Your assignment -> Every entry below must be retyped exactly, and the pictures must be left out.

[Dataset entries]

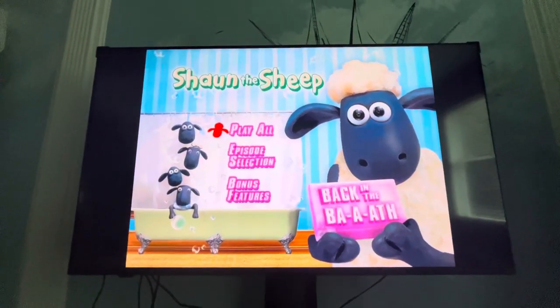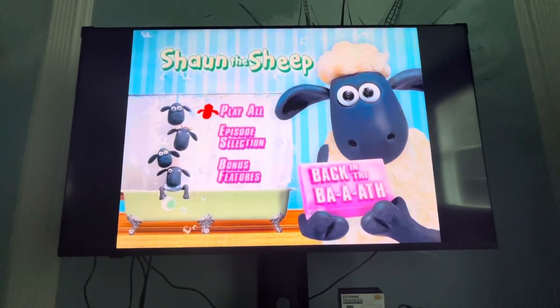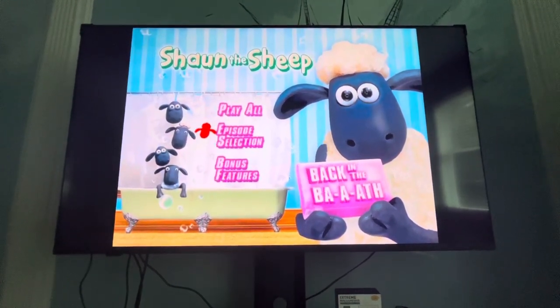Hey guys, welcome to the DVD menu walkthrough of the 2009 DVD of Shaun the Sheep, Back in the Bath. So we got Play All and Episode Selection.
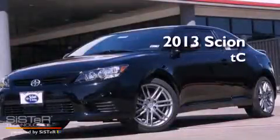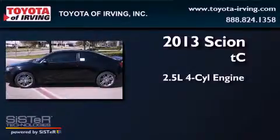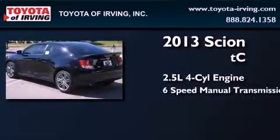This is a brand new 2013 Scion TC. It features a 2.5-liter four-cylinder engine and a six-speed manual transmission.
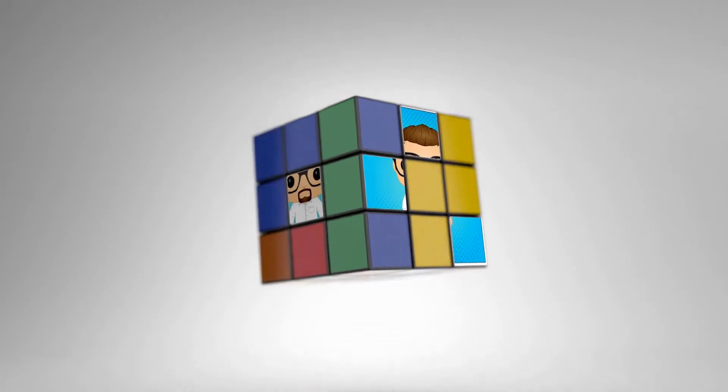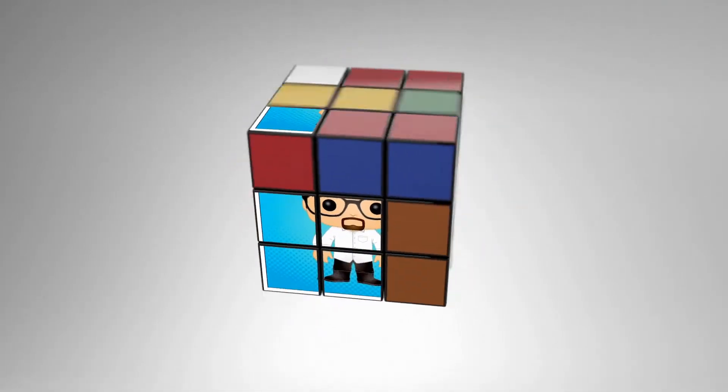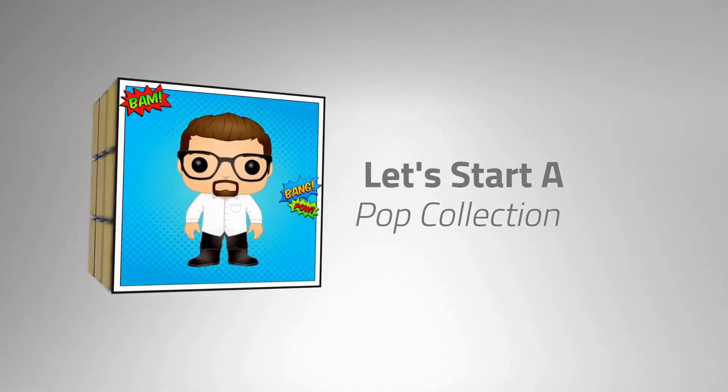Alright guys, it's Jeremy here from Let's Start a Pop Collection, LSAPC. We are coming at you with a mail call. It's a little bit of everything. I've been out of town for a few days, and I came back and I have about 6 different things. So I want to show them off to you — let's get started, shall we?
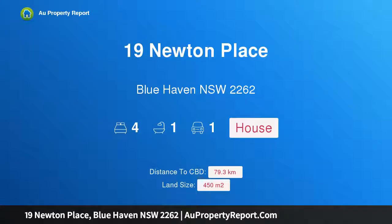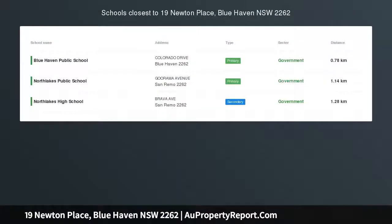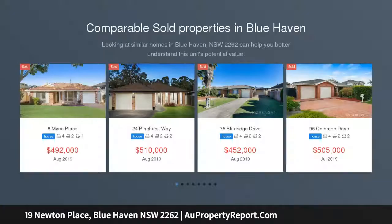I am glad to introduce property 19 Newton Place, Blue Haven, New South Wales 2262. Perfect for first home buyers and investors. Reasonable offers considered prior to auction. Four bedroom brick and tile home.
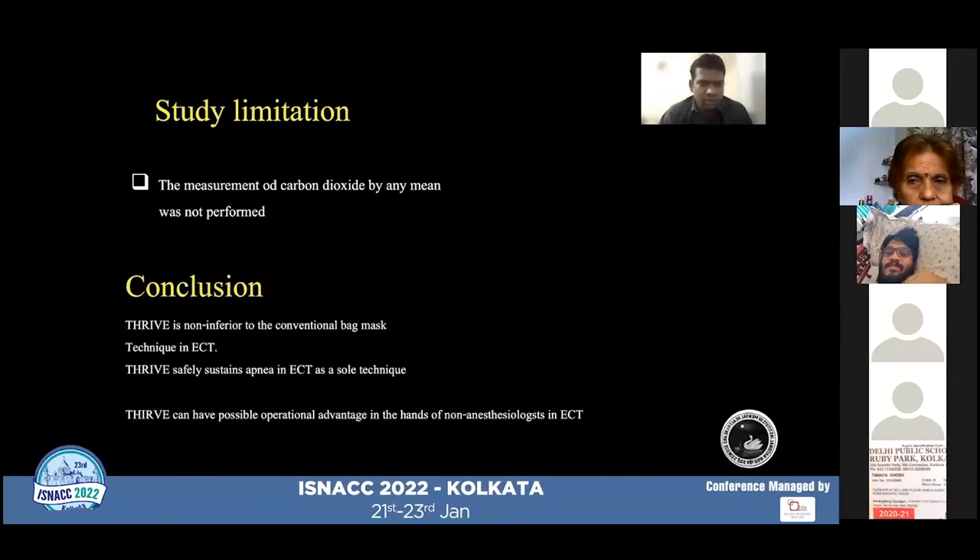To conclude, THRIVE is non-inferior to the conventional bag-and-mask ventilation technique in ECT. THRIVE can safely sustain apnea in ECT as a sole oxygenation technique, and THRIVE may have a possible operational advantage in the hands of non-anesthetists in the ECT suite. Thank you.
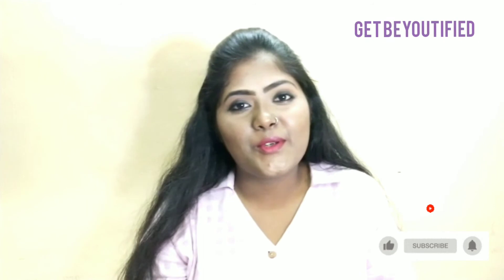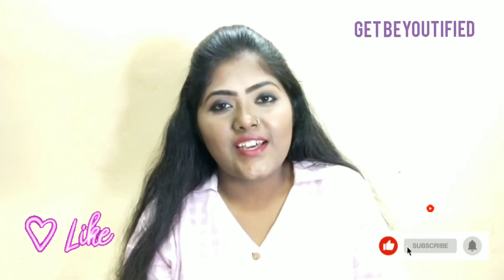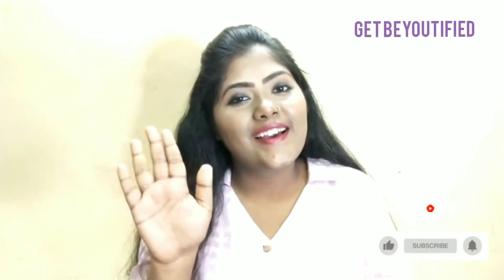Hope you all loved this video. Do like, comment, share, and don't forget to subscribe to our channel. Get beautified. Until then, bye guys.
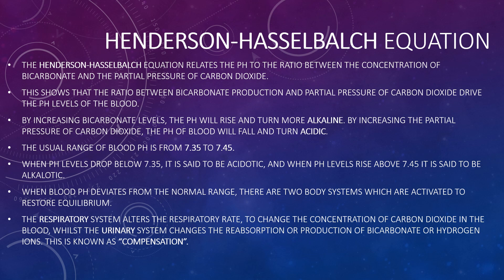The Henderson-Hasselbalch equation relates pH to the ratio between the concentration of bicarbonate and the partial pressure of carbon dioxide. Increasing bicarbonate levels causes pH to rise and become more alkaline; increasing the partial pressure of carbon dioxide causes pH to fall and become acidic. The normal range of blood pH is 7.35 to 7.45. When pH drops below 7.35 it is acidotic; above 7.45 it is alkalotic. When blood pH deviates from normal, the respiratory system alters respiratory rate to change CO₂ concentration, while the urinary system changes reabsorption or production of bicarbonate or hydrogen ions — this is known as compensation.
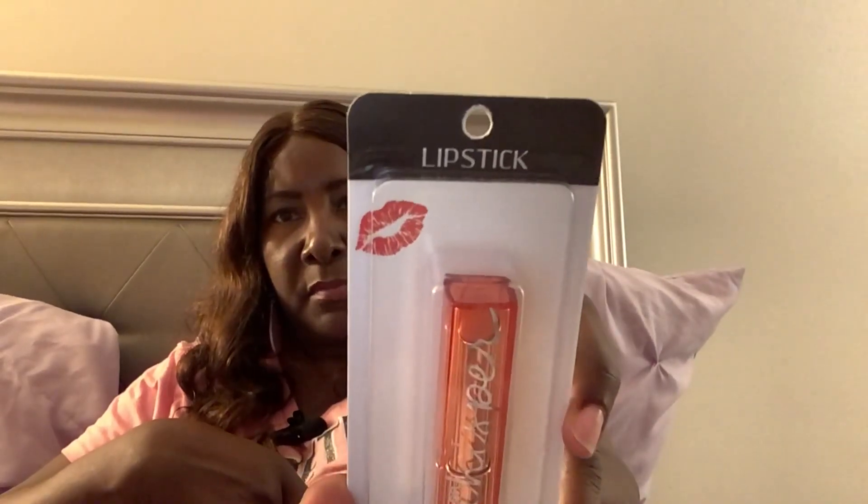I just got this — I thought it was cute packaging. Some lipstick — I believe it's like a... let me take this out. I'm not sure of the color. I may have to mix this if it's too light for my skin tone — I do that sometimes. Yeah, this looks orangey or kind of coral. That's just a cute packaging to me.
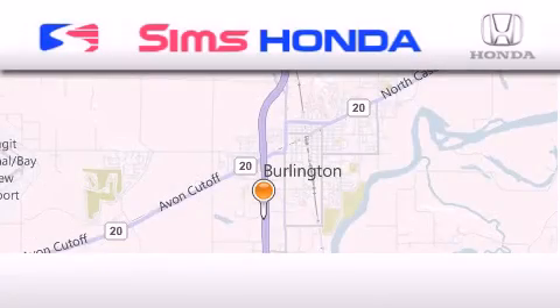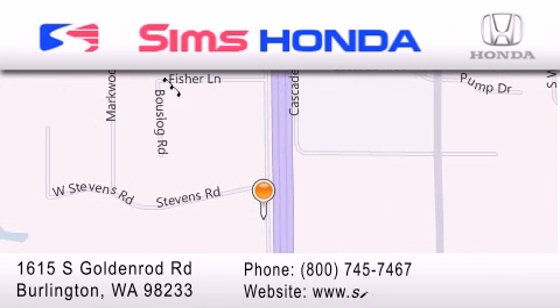Sims Honda is located at 1615 South Goldenrod Road in Burlington. Our goal is to exceed all of your expectations to ensure that you'll return for future visits.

Solution ->
Hey guys, welcome to the DVD menu walkthrough of the 2009 DVD of Shaun the Sheep, Back in the Bath. So we got Play All and Episode Selection.
This is a brand new 2013 Scion TC. It features a 2.5-liter four-cylinder engine and a six-speed manual transmission.
Alright guys, it's Jeremy here from Let's Start a Pop Collection, LSAPC. We are coming at you with a mail call. It's a little bit of everything. I've been out of town for a few days, and I came back and I have about 6 different things. So I want to show them off to you — let's get started, shall we?
I am glad to introduce property 19 Newton Place, Blue Haven, New South Wales 2262. Perfect for first home buyers and investors. Reasonable offers considered prior to auction. Four bedroom brick and tile home.
To conclude, THRIVE is non-inferior to the conventional bag-and-mask ventilation technique in ECT. THRIVE can safely sustain apnea in ECT as a sole oxygenation technique, and THRIVE may have a possible operational advantage in the hands of non-anesthetists in the ECT suite. Thank you.
Hope you all loved this video. Do like, comment, share, and don't forget to subscribe to our channel. Get beautified. Until then, bye guys.
The Henderson-Hasselbalch equation relates pH to the ratio between the concentration of bicarbonate and the partial pressure of carbon dioxide. Increasing bicarbonate levels causes pH to rise and become more alkaline; increasing the partial pressure of carbon dioxide causes pH to fall and become acidic. The normal range of blood pH is 7.35 to 7.45. When pH drops below 7.35 it is acidotic; above 7.45 it is alkalotic. When blood pH deviates from normal, the respiratory system alters respiratory rate to change CO₂ concentration, while the urinary system changes reabsorption or production of bicarbonate or hydrogen ions — this is known as compensation.
I just got this — I thought it was cute packaging. Some lipstick — I believe it's like a... let me take this out. I'm not sure of the color. I may have to mix this if it's too light for my skin tone — I do that sometimes. Yeah, this looks orangey or kind of coral. That's just a cute packaging to me.
Sims Honda is located at 1615 South Goldenrod Road in Burlington. Our goal is to exceed all of your expectations to ensure that you'll return for future visits.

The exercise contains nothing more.